In terms of impact on employment, trade is usually better than productivity growth; those dollars sent abroad eventually come back to purchase American products, and employ more workers. By contrast, jobs lost to productivity increases stay lost; try to find someone today who can make buggy whips.
Gains from trade or technology initially tend to accrue to owners of capital. When a company fires a computer programmer and shifts the job to India, the company captures the difference in wages.
It wouldn't have to work that way. Suppose the programmer found his doppelgänger in India, and started exporting tasks on his own. "Dear Sanjay, please write a subroutine to sort these accounts and send it back to me by 5 p.m. (California time)." Each week the programmer could cash his $1,000 paycheck and send $100 to Sanjay.
This is only a thought experiment, not a policy proposal.
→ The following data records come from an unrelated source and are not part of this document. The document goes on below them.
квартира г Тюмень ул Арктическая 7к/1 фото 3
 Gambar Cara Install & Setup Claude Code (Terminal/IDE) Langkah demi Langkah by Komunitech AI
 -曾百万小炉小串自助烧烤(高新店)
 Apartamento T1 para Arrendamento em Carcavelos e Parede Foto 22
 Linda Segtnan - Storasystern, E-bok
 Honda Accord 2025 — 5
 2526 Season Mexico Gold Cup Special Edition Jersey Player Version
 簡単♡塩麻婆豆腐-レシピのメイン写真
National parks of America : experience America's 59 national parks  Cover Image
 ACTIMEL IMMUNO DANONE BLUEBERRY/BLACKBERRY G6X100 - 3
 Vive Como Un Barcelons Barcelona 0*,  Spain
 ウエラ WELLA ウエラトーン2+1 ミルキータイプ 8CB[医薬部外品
But it illustrates the point that the controversy over trade and technology is not about whether or not they are good things — of course they are — but about who will capture their benefits and who will bear their costs.
There is little doubt who wins in the long run: consumers. Virtually all the gains in the standard of living in the last two centuries have come from technology. Trade has had a smaller but still significant effect on growth in per capita consumption.
Achieving the gains from technological advances can be tortuous. Back in 1886, when America's railroads standardized on one gauge, it became substantially cheaper to transport goods. A great boon for everyone, right? Well, tell that to the workers who unloaded and loaded freight at the cities where different-gauge railroads met. They rioted over the change, and understandably so — the benefits from technological progress came at the expense of their jobs.
Eighty years later, the longshoremen's union was more farsighted. It saw new technology coming for unloading ships and negotiated lifetime employment at high wages. The result was that by 2002 a full-time longshoreman earned $80,000 to $107,000, depending on whether you ask the union or management.
The crucial issue in last year's West Coast port strike was not whether technology for managing shipyards would be introduced — both sides were in favor — but whether the new information-processing jobs went to union workers.
The longshoremen's union has tried to ensure that a significant part of the gains from productivity increases accrued to its members. But even the longshoremen recognize, though they might be loath to admit it, that there has to be something for both sides in the negotiation; if all the gains go to labor, there will be no incentive for capitalists to adopt more productive technology.
Capitalists have to get their piece, so they will have an incentive to pony up the money. How much labor ends up with depends on its bargaining power. If workers do not have much bargaining power, they get the short end of the deal.
In the long run, as the new technology becomes widely adopted, competition pushes prices down. The gains that originally accrued to the owners of capital are competed away, and consumers — meaning workers for the most part — end up with the benefits.
Look at travel agents. The Internet opened up a new channel for airlines to communicate directly to travelers. Intense competition for passengers meant that most of the gains from the new technology were passed along to consumers, with travel agents squeezed out of their jobs.
But once they find new jobs, those same travel agents will benefit from the lower prices that resulted from productivity gains elsewhere.
Workers who are at a stage of their life where they want to increase consumption, or accumulate assets, naturally resent labor-saving productivity growth or trade. But those who are about to retire, and consume more leisure, find cheaper goods attractive. It's unfortunate when trade or productivity growth causes a 50-year-old worker to lose his job; but the same economic changes can be a boon to a 62-year-old who can then afford to retire a few years early.
In the next decade, the baby boomers will start to retire and we will have to learn to produce more with less labor. Productivity growth and international trade will be important to making a successful transition to a labor-scarce economy.
But if these gains from technology and trade are to be politically palatable, we have to find a way to make sure that all can benefit from the increased opportunities they offer for consumption and leisure.